Lastly, I found that my 68 is at it's best at full 540 rpm PTO speed. More flakes per bale, less flakes to cut with each stroke, consistent bale length - it's all much better once I figured that out. However, make sure your wooden slides are in good shape if you run it that hard. I had to replace mine.

The 68 is a fine old baler and drop dead simple design.

Good luck,
Bill


----------



## Tx Jim (Jun 30, 2014)

mike10 said:


> It is the lack of hay dogs that contribute to misshaped bales when one is not working. When the plunger pushes the hay back into the chamber the dogs are supposed to hold it there. If the dogs are not functioning the hay will push forward toward the incoming charge of hay from the feeder either blocking the infeed or cause the misplacement of the charge.
> 
> The 68 balers were designed in the 50's, still in the infancy of square baler design, and for the most part worked very well for the conditions of the time. The crops the yields and the horsepower to run the machines we see today were just a dream at that time and as all things progress so has baler design.
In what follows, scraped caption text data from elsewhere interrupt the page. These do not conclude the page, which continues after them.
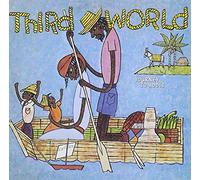 Third World - Journey to Addis [Import]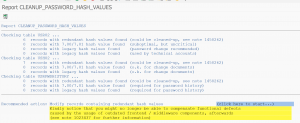 CLEANUP_PASSWORD_HASH_VALUES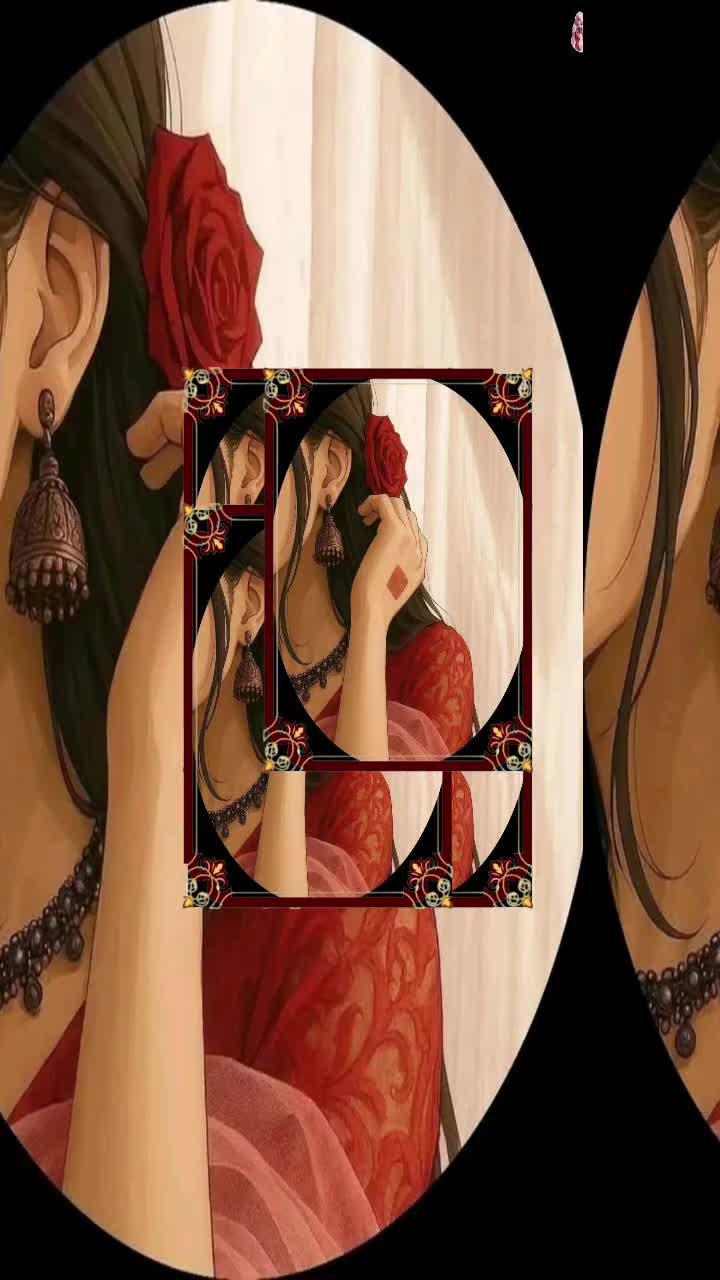@🌹MaYa🌹
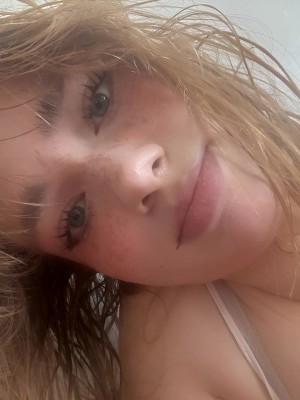 patrickbatman111 Photo #10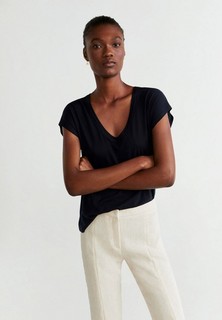 Футболка Mango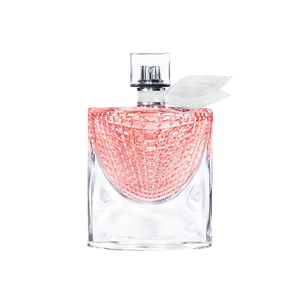 LANCOME - LA VIE EST BELLE L'ECLAT inspirált parfüm Inspired Image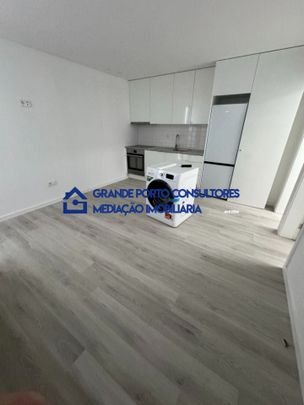 Apartamento T2 em Porto - Photo 1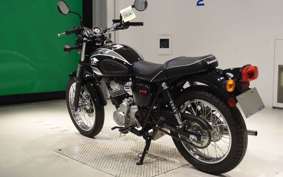 MEGURO S1 2010 BJ230A
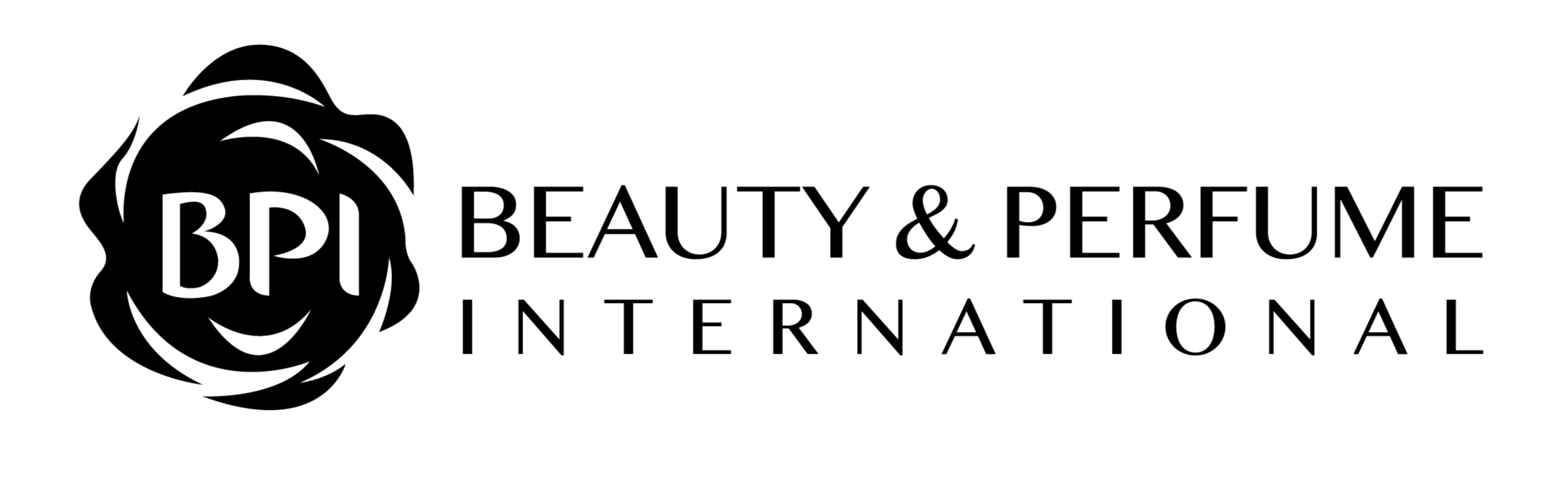 BPI-Logo-Black-PNG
My point is a baler with 3 hay dogs is similar to a hay baler with 6 hay dogs with 3 of the hay dogs that are non functional. A JD 336 along with other JD models only has 3 hay dogs and will make a sq bale if adjusted & fed correctly. One of the older JD model with 3 hay dogs that will make a brick of a bale is a 214. To me the largest advancement in newer model sq balers is the in-line compared to conventional sq balers.

I agree that the fewer number of hay dogs a baler has the more important a non functioning dog becomes as to bale shape & tying consistency.


----------



## 8350HiTech (Jul 26, 2013)

Tx Jim said:


> My point is a baler with 3 hay dogs is similar to a hay baler with 6 hay dogs with 3 of the hay dogs that are non functional. A JD 336 along with other JD models only has 3 hay dogs and will make a sq bale if adjusted & fed correctly. One of the older JD model with 3 hay dogs that will make a brick of a bale is a 214. To me the largest advancement in newer model sq balers is the in-line compared to conventional sq balers.
> 
> I agree that the fewer number of hay dogs a baler has the more important a non functioning dog becomes as to bale shape & tying consistency.


Only if the non-functioning three are perfectly placed.


----------



## 8350HiTech (Jul 26, 2013)

Agree with leeave96 regarding moving them either direction. If one way doesn't work, try the other. I know my 315 fingers were like that under some conditions.


----------



## Coondle (Aug 28, 2013)

A banana bale is the result of more hay under one twine than the other, to have an even bale, there must be an equal thickness of hay that is compressed under the left twine and right twine in the finished bale. Unequal thickness under one string when compared to the other means that the hay under one twine is softer and the bale bends toward that side and bellies out in the centre on the side with more hay under the twine.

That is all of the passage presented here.